Economic Weely Update 5/3/2013
This week marked more good economic news. Real Estate related news began Tuesday when NAR reported March resale number of homes under contract rose 7% from March 2012. Case-Shiller, by far the most conservative on real estate, reported a year over year price increase for LA of 14.1% in their 20 major city report for February. I dont really know what this means as they don’t state median (half are more, half are less), or average price. Its some formula they have for most homes and neighborhoods. Keep in mind the median was up 24% during that period! Based on what I am seeing 14% is low!

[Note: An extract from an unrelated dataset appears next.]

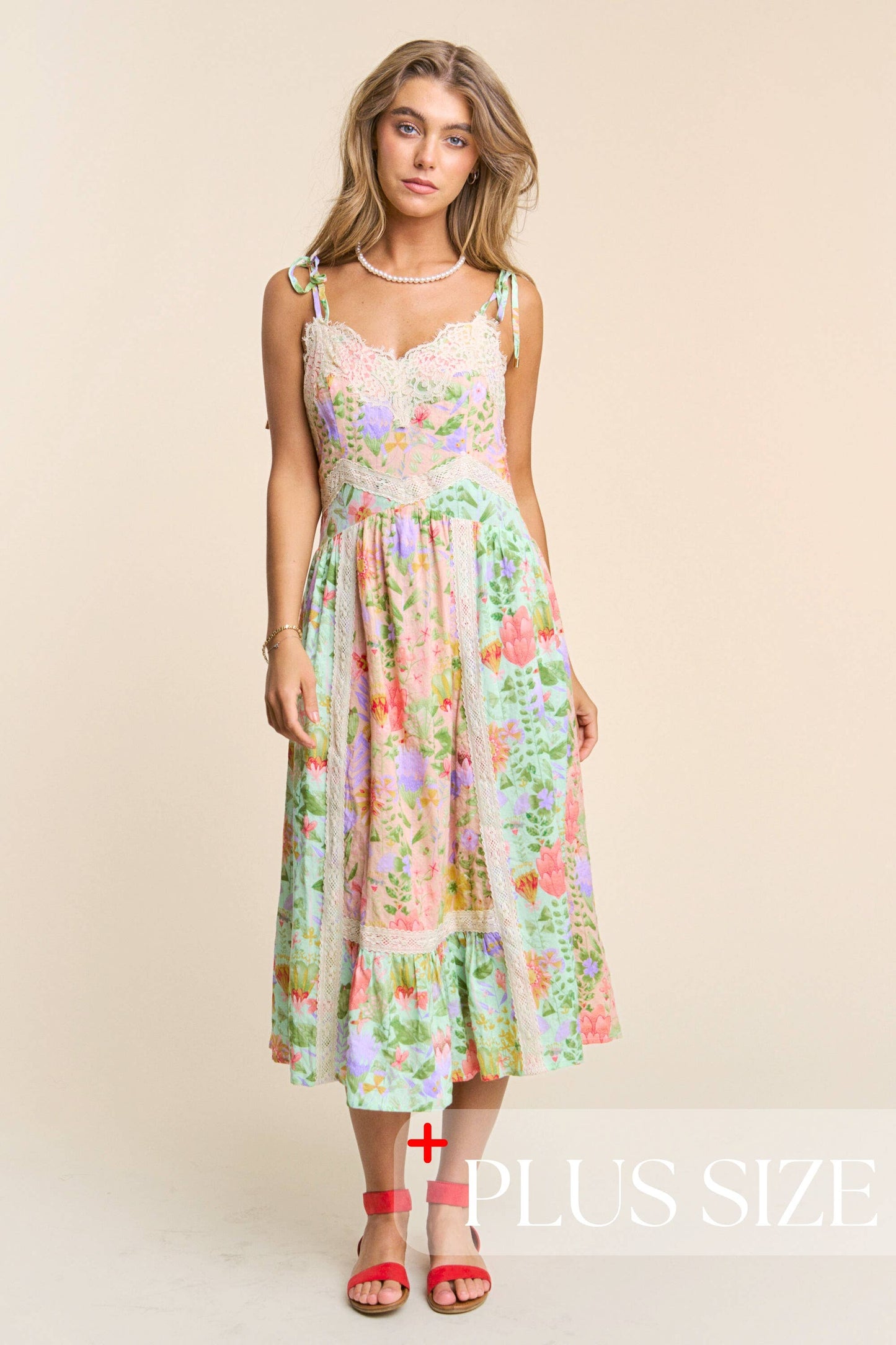 Spaghetti Multicolor Floral Print Midi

Stocks soared today after a much stronger than expected jobs report. The economy added 165,000 nonfarm payroll jobs. The unemployment rate fell to 7.5%, a 4 year low. The DOW and S&P are on track to end the week up almost 2% and the NASDEQ up 3.3%. Finally, this is starting to shape up as what a recovery looks like! Stocks also were up with the S&P500 ending the month of April at a record high. The major markets finished April with the DOW up 13.3, NASDEQ up 10.2% and S&P up 12% for the year. This run up has been a result of higher than expected earnings, dropping unemployment, robust home sales, rising home prices, dramatically fewer foreclosures, and rising consumer confidence.

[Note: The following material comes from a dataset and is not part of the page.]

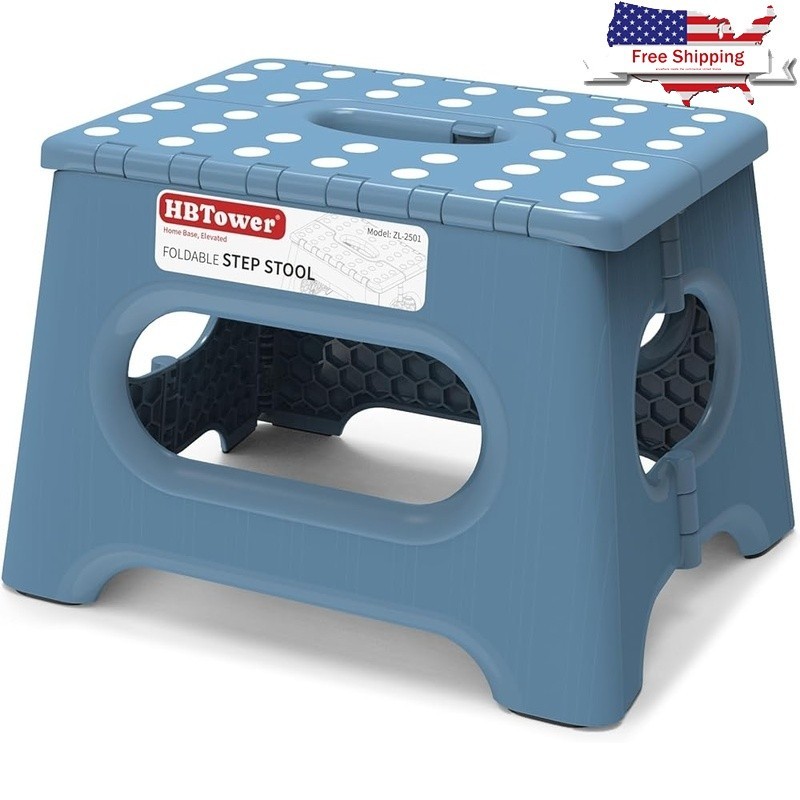 Durable Folding Step Stool W/ Ergonomic Handle Non-Slip Surface Safety Design US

As the economy improves, demand for loans increases, and interest rates rise. Rising rates, in turn, drive down the price of bonds. The yield hit 1.75% today as investors jumped into stocks and out of bonds. Minutes from the Federal Reserve meeting last month indicated that policymakers seemed headed to winding down their bond purchasing before a weak March jobs report took them by surprise. They will continue purchases of Treasury’s and agency mortgage backed securities until the outlook for the labor market has improved. If the outlook for labor market conditions improve as anticipated, the Fed will then decrease purchases of massive bond buying in the year and stop them by year-end. If the Fed does in fact try to pull-out and exit the $85 billion bond buying program because the program has either been deemed a success or has become ineffective, it is possible the Fed will face many unintended consequences.
The latest GDP report confirmed that the housing sector has become an important contributor to the economic recovery. Residential fixed investment added to overall economic growth over the past eight consecutive quarters and contributed more than 0.3 percentage points in growth over the first three months of this year. Moreover, near record low mortgage rates should further drive the housing market recovery over the near term.
This week rates are falling for all types of mortgages, and the average 15-year fixed loan has hit an all-time low of 2.56%, for a second straight week, dropping from 2.61%, both better than the previous low mark of 2.63% set in November. A year ago the 15-year rate stood at 3.07%. The 30-year fixed has now dropped for a fifth straight week to 3.35%, from 3.40% a week ago. After rising as high as 3.63% in March, the rate is again homing in on the 3.31% all-time low seen last November. A year ago the same rate averaged 3.84%.
The five-year ARM sank to 2.56% with an average 0.5 point. It was down from 2.58% a week ago. The one-year ARM dropped to 2.56% with an average 0.3 point. It was down from 2.62% a week ago. This week marked the first time in history the 15-year fixed, five-year ARM and one-year ARM all averaged the same percentage. This week mortgage applications showed a slight uptick and the refinance share of mortgage activity remained unchanged, accounting for 75% of total applications.